A new Texas law that goes into effect January 1 will allow merchants to decline a debit or credit card sale if a customer cannot or will not show identification.

According to the Texas Tribune, the law authored by Republican State Senator Bryan Hughes is aimed at reducing instances of card fraud and abuse.

“I think most people, like me, were surprised that merchants cannot already do this,” Hughes told the Tribune. “The intent of the law is to give Texas businesses the right to take this common sense step of asking for an ID for a credit card transaction."


Hughes and proponents of the bill argue that the measure will protect consumers and banks, but the wording of the bill leaves room for discretion.
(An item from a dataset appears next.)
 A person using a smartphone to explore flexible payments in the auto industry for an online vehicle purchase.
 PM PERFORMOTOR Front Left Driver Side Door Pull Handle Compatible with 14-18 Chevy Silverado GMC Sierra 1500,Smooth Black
According to the Tribune, Visa lobbyist Keith Strama was successful in convincing lawmakers to change "must" to "may" in the language of the legislation so that retailers do not violate current contracts with card companies preventing them from declining card purchases without ID.
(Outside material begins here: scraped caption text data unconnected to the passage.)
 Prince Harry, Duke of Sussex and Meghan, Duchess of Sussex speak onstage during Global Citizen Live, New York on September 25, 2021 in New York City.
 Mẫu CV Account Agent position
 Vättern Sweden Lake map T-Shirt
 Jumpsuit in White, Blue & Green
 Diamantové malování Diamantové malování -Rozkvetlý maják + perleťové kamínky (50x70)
Strama argued that the law could penalize citizens without ID who depend on government issued benefits cards, and that it would stymie efforts to keep customer information confidential.
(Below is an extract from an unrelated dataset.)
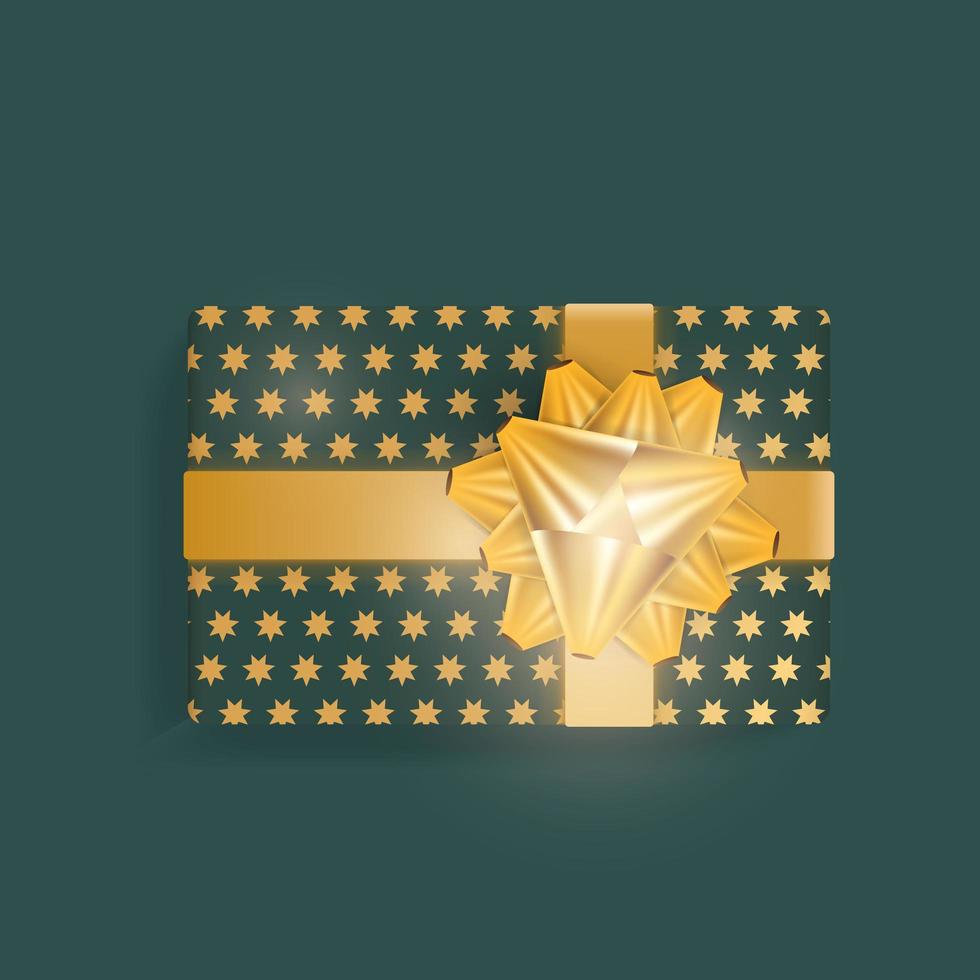 Realistic green gift box with gold stars, gold ribbons and bow. Vector illustration.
Other opponents worry that employee discretion might be interpreted as bias or discrimination, the Tribune reported.

Executive vice president of the Independent Bankers Association of Texas Stephen Scurlock told the Tribune fraud is a major concern for community banks, and that he's surprised by the negative reactions to the new law.

“It is totally permissive," he told the Tribune. "There are no liability shifts. There are are no mandates, and there are no penalties.”

What do you think? Should retailers be allowed to turn down a debit or credit car sale if a customer does not show identification?